▶ REQUIRED ACTION: Wherever the string "colorful" occurs in a line of these records, report that line.

▶ EXERCISE INPUTS:
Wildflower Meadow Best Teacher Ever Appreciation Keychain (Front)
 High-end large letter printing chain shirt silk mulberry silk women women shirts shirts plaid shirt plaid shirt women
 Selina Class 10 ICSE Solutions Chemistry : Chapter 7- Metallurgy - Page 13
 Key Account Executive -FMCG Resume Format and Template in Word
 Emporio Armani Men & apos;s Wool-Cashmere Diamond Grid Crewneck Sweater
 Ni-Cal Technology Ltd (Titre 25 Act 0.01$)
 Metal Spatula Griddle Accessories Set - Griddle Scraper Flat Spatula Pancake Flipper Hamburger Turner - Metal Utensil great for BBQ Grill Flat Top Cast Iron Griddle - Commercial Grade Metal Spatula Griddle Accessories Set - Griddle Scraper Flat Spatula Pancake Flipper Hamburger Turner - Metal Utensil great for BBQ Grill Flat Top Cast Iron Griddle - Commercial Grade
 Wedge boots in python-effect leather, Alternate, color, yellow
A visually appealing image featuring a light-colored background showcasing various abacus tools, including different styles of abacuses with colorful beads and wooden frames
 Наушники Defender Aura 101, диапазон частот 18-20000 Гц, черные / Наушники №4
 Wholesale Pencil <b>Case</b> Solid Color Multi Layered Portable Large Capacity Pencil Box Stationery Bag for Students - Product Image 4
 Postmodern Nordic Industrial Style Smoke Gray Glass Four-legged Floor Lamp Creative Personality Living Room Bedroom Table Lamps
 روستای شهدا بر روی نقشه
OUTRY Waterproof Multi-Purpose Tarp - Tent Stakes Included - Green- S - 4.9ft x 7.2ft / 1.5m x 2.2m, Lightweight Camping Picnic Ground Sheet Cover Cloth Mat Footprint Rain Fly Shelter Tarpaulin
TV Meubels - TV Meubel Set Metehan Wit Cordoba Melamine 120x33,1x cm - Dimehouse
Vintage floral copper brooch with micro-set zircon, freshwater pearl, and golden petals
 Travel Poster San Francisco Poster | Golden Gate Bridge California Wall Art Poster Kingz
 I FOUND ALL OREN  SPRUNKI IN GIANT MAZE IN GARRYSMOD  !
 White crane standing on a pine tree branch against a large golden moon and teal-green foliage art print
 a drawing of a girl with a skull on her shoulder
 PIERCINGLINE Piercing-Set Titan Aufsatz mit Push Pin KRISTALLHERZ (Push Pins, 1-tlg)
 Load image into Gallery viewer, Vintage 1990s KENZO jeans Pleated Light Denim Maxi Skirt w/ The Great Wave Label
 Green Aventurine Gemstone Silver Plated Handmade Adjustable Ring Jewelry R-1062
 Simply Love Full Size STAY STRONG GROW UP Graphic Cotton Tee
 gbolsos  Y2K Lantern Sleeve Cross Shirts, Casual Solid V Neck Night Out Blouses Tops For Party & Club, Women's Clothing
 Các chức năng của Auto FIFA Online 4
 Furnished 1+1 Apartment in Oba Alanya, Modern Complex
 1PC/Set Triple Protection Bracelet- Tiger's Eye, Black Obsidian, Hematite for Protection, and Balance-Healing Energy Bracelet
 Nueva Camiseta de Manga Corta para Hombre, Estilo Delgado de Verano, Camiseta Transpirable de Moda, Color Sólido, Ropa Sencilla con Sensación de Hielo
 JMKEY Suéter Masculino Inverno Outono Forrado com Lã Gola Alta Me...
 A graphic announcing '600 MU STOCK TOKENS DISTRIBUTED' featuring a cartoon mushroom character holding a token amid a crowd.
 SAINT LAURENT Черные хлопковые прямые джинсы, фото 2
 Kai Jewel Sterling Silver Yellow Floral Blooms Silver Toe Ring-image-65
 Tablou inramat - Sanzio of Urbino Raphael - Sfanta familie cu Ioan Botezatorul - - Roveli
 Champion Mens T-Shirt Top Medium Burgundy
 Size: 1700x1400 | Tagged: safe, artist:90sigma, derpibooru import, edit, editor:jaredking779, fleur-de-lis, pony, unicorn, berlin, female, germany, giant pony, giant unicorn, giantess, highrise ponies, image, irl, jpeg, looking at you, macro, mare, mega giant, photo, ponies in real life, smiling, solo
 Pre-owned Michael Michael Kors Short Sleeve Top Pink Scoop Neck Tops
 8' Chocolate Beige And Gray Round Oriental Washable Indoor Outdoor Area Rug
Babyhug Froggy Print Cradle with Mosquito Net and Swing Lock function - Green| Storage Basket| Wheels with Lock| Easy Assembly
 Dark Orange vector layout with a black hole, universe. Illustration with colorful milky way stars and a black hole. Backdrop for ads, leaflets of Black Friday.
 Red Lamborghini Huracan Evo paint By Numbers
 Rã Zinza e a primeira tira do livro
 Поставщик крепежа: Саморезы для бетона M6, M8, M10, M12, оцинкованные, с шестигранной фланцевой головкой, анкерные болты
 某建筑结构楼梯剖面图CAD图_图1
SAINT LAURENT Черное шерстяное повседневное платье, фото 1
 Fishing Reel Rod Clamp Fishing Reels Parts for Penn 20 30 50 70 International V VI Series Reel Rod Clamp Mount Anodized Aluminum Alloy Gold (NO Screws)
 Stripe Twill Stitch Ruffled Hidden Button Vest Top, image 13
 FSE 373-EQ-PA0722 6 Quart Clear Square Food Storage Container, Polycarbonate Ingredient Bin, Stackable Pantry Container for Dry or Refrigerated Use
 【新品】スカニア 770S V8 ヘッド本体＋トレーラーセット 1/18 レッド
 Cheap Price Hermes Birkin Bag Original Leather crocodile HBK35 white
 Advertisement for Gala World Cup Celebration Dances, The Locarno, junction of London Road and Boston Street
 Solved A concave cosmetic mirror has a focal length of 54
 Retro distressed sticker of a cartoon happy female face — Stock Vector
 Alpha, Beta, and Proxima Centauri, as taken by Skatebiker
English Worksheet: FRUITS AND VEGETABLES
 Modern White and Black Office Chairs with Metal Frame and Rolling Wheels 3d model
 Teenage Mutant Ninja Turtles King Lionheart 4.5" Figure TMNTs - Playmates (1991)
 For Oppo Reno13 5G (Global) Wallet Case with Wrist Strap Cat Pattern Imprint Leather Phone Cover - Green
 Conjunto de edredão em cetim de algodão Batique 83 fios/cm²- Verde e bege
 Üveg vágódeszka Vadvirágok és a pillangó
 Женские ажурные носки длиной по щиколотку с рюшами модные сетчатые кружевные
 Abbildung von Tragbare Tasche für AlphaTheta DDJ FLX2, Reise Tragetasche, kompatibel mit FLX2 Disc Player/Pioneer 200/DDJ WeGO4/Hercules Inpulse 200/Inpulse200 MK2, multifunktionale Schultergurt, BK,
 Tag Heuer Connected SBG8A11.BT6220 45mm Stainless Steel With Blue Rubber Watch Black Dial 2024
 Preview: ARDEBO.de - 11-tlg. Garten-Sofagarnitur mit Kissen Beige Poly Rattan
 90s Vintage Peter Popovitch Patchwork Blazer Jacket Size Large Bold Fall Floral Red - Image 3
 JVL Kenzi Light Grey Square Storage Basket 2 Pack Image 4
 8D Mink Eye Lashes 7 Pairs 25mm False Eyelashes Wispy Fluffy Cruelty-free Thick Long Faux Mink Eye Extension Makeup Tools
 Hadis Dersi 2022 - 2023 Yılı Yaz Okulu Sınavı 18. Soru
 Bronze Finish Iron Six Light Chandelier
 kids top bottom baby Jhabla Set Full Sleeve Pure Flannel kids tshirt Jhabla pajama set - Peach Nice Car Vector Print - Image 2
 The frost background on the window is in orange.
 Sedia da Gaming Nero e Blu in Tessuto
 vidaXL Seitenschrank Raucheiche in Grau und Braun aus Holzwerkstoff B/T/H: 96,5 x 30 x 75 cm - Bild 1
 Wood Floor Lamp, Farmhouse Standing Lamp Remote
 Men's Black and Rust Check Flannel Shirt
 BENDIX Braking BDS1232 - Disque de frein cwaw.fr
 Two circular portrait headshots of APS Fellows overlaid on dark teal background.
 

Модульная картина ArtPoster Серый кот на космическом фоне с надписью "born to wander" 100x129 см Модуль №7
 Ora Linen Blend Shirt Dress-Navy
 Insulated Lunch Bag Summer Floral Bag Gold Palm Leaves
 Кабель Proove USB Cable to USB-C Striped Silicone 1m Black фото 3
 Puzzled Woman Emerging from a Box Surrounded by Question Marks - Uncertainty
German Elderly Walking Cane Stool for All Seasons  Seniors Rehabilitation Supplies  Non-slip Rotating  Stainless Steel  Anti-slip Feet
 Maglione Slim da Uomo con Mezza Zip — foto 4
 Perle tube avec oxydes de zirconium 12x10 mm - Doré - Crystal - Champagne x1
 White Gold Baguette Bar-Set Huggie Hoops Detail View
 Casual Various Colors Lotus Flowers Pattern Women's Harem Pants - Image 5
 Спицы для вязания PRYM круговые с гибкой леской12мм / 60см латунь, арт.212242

▶ EXERCISE SOLUTION:
A visually appealing image featuring a light-colored background showcasing various abacus tools, including different styles of abacuses with colorful beads and wooden frames
 Dark Orange vector layout with a black hole, universe. Illustration with colorful milky way stars and a black hole. Backdrop for ads, leaflets of Black Friday.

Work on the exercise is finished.